**EXERCISE DIRECTIONS**
Reproduce, from the lines below, exactly the stretch that begins at the line containing "Spigen Galaxy Tab" and ends at the line containing "Stainless Steel Sink", both included.

**STORED DATA**
■ ■ ■ ■

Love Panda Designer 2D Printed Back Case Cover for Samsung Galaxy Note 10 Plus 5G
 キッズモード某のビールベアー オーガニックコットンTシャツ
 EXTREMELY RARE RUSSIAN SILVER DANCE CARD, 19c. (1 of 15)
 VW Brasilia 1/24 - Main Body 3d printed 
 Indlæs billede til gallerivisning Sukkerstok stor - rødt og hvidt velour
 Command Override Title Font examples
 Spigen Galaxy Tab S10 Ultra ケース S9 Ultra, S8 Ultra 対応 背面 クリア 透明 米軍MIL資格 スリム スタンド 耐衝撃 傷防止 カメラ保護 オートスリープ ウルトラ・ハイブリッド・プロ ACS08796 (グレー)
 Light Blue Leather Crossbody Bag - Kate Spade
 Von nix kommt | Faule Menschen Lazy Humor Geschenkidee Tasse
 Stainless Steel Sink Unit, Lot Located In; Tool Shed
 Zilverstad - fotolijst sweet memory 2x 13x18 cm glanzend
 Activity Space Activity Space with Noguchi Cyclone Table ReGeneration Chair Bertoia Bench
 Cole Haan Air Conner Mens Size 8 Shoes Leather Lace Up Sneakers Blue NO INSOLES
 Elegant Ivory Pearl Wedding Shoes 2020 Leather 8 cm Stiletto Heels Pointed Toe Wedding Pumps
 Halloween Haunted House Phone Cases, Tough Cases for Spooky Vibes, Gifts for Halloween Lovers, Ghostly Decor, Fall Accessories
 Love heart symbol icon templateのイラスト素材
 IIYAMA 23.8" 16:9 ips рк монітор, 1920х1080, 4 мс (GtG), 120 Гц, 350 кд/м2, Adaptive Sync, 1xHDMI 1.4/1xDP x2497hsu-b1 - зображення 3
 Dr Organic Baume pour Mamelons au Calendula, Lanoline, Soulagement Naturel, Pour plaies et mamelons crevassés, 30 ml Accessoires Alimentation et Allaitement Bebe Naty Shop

■ ■ ■ ■

**OUTPUT FOR THIS TASK**
 Spigen Galaxy Tab S10 Ultra ケース S9 Ultra, S8 Ultra 対応 背面 クリア 透明 米軍MIL資格 スリム スタンド 耐衝撃 傷防止 カメラ保護 オートスリープ ウルトラ・ハイブリッド・プロ ACS08796 (グレー)
 Light Blue Leather Crossbody Bag - Kate Spade
 Von nix kommt | Faule Menschen Lazy Humor Geschenkidee Tasse
 Stainless Steel Sink Unit, Lot Located In; Tool Shed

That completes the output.